Avoiding or “sterilizing away” anyone’s regular exposure to this diversity results in a weak and dysregulated immune system, which sadly translates into a higher propensity to infections, allergies, autoimmune diseases, and cancers.

We need regular exposure to the diversity of microbes and viruses, both “friendly” and “unfriendly,” to keep our immune system fit. The continuous rise of infections, immune disorders and cancers is a result of doing the exact opposite.

You support your immune system by providing your body with vitamins, minerals, and other compounds that contribute to the proper function of the immune system, such as vitamin C, vitamin D, zinc, and selenium.

Vitamin D is one of the essential vitamins for our immunity. Given how much time we spend indoors, we often need to supplement it in a tablet form.

Protecting your immune system means not letting anyone weaken your immune system, whether by fearmongering, social isolation, experimental vaccines, unwarranted application of immunosuppressants, or in any other way.

Protect your immune system against any experiments that can compromise it. “Safe and effective” takes at least 10 years of testing. If you made a mistake here, don’t repeat it.

8. Doctors Advise, Patients Take Responsibility

Healthcare professionals provide the expert guidance needed, but it’s the patients who have the final responsibility for their own health.

Root Cause Medicine is based on mutual cooperation and respect between doctors and patients.

Doctors should always empower their patients, guiding them towards everything the patients can personally do to regain their health, as opposed to converting them into passive recipients of pharmaceutical products or surgical procedures.

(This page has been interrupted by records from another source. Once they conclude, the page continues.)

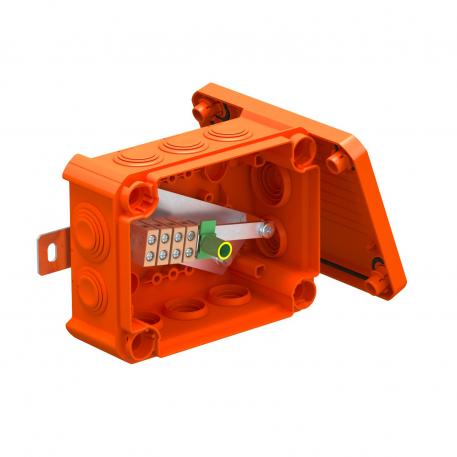 FireBox T100 mit Einsteckdichtungen, Einzelklemmen 136x102x57 | 10 | IP66 | 8 x M25 2 x M32 | pastellorange; RAL 2003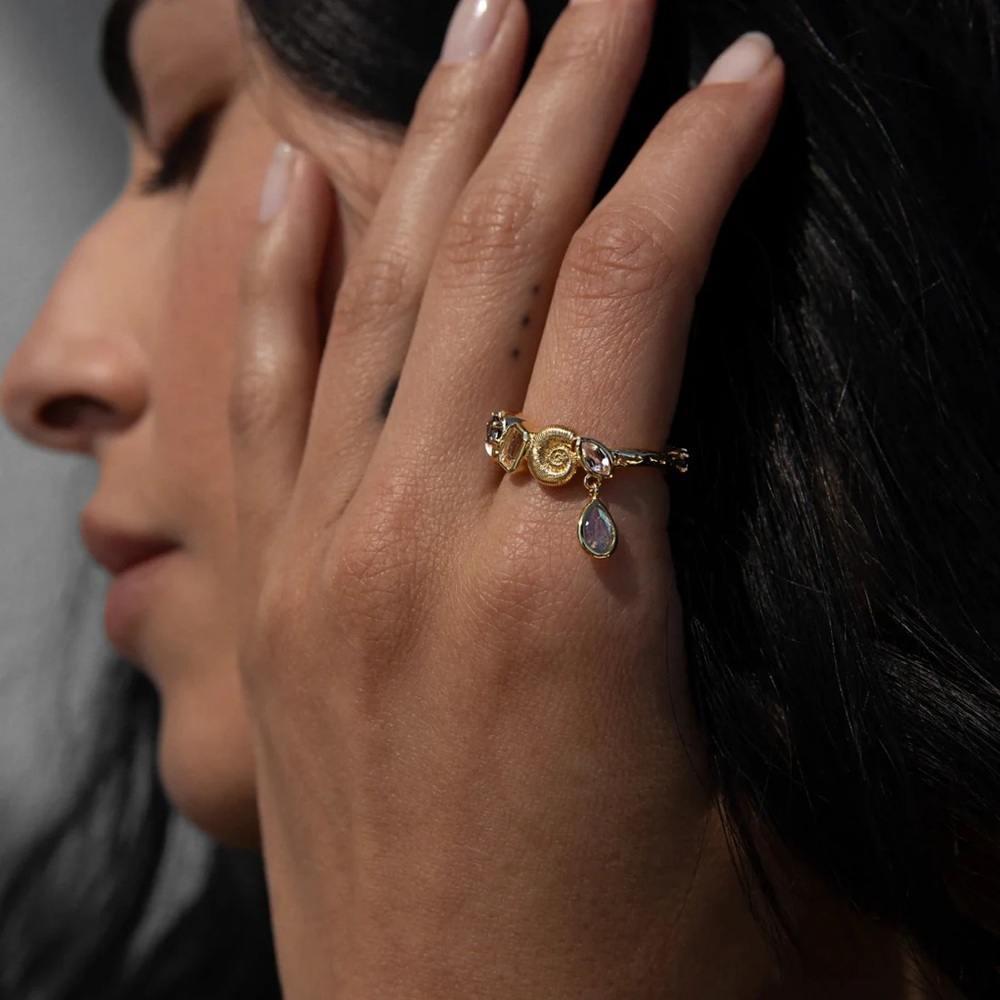 Awe Inspired Deep Sea Gemstone Ring 14K Gold Vermeil Size 7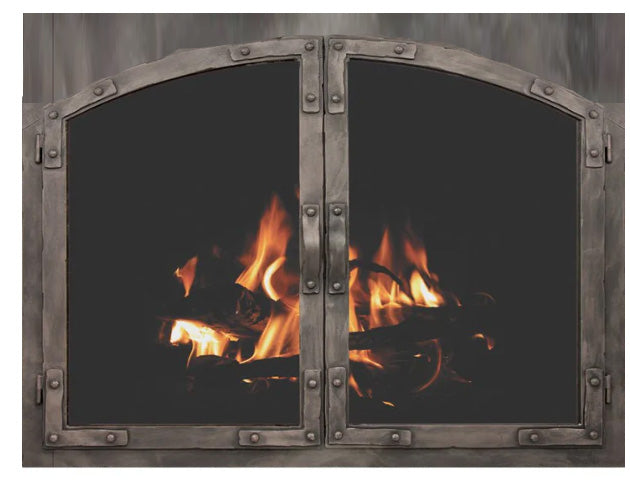 Old World - Arch / Opening Width - 52" Height - 37 3/16" / Sites Height Where Arch starts 32"/ 3 Sided Overlap / Twin Style Doors / Natural Iron Finish / Clear Glass / Gate Mesh / Draft Control / Z Tabs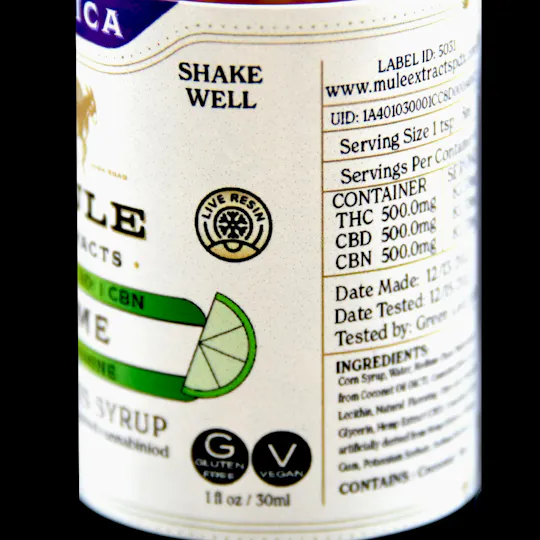 Mule Extracts - Mule Extracts | Lime 1:1:1 Muleshine | THC:CBD:CBN 1000mg | 120mL - 1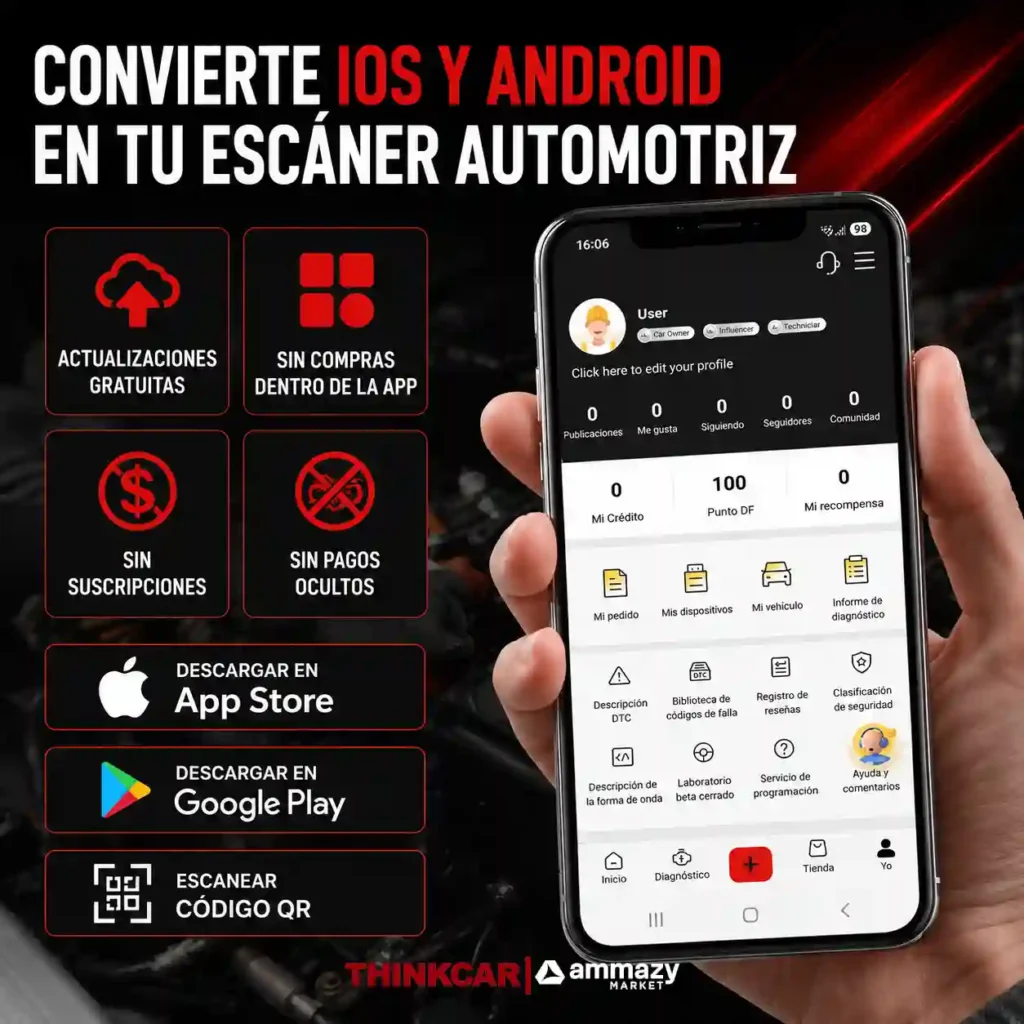 Escáner Automotriz Thinkcar D200 Bluetooth OBDII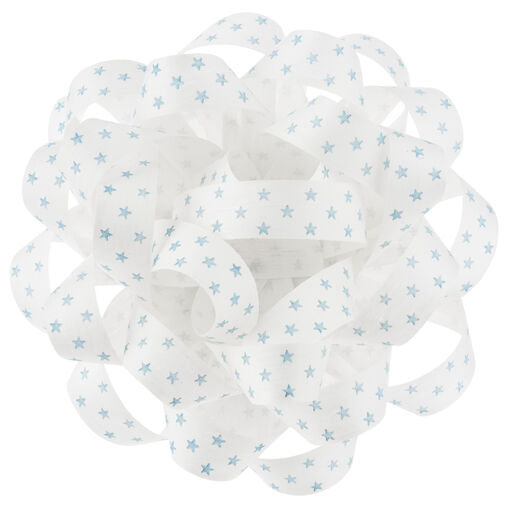6" Large White Gift Bow With Blue Mini Stars, 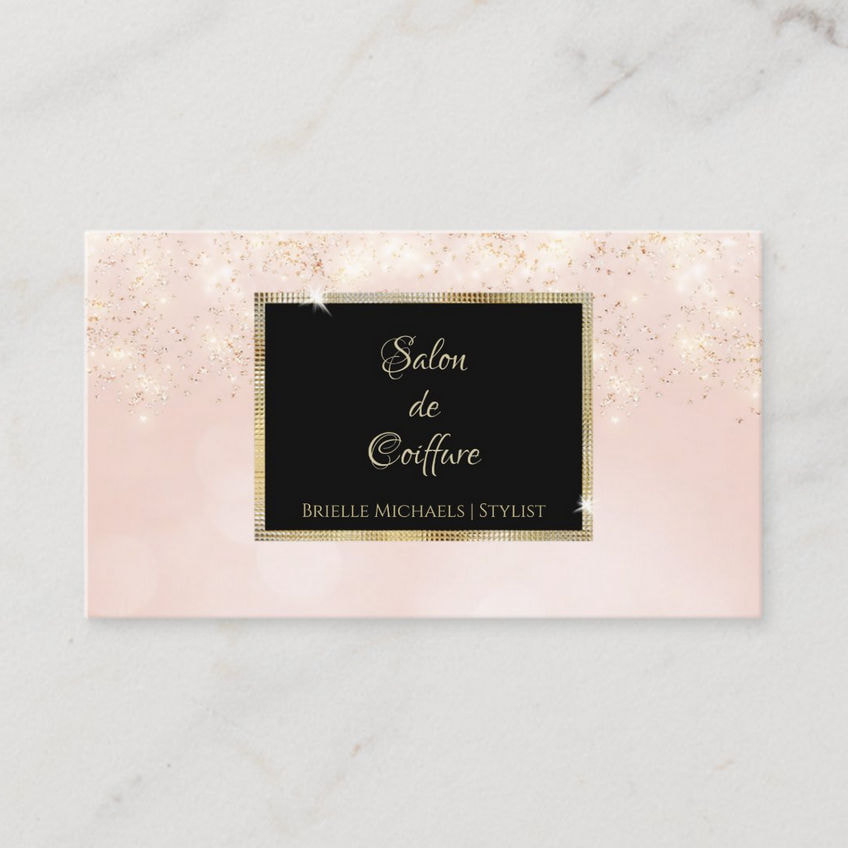 Pink Glitter Glam Elegant Black and Gold Salon Business Cards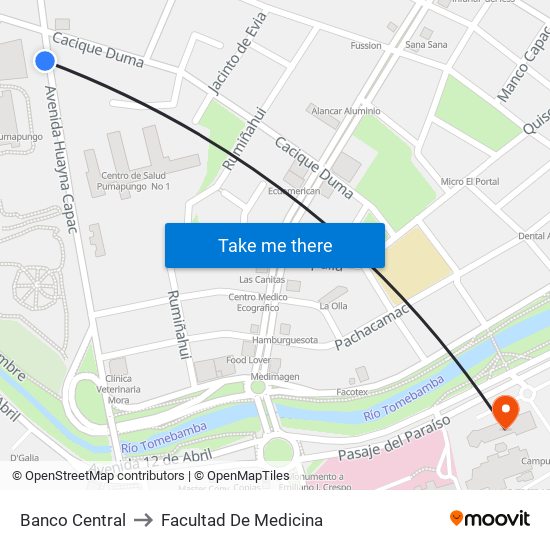 Banco Central to Facultad De Medicina map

An empowered patient knows what he or she can proactively do for their health, being guided by a healthcare professional that respects the patient’s choices and values.

The patients should respect that professional medical guidance is generally needed for tackling health issues, but should also understand that the professional guidance can be dramatically different depending on the training and preferences of the healthcare practitioner involved.

The patients’ responsibility for their own health also means that it’s primarily them who’s making the decisions. This includes choosing the right healthcare professional, deciding whether to seek a second opinion, and choosing among the recommended courses of treatment.

Such responsibility requires the patients to be actively involved, do their research, ask questions, and set their preferences and priorities. After all, it’s their health that is at stake.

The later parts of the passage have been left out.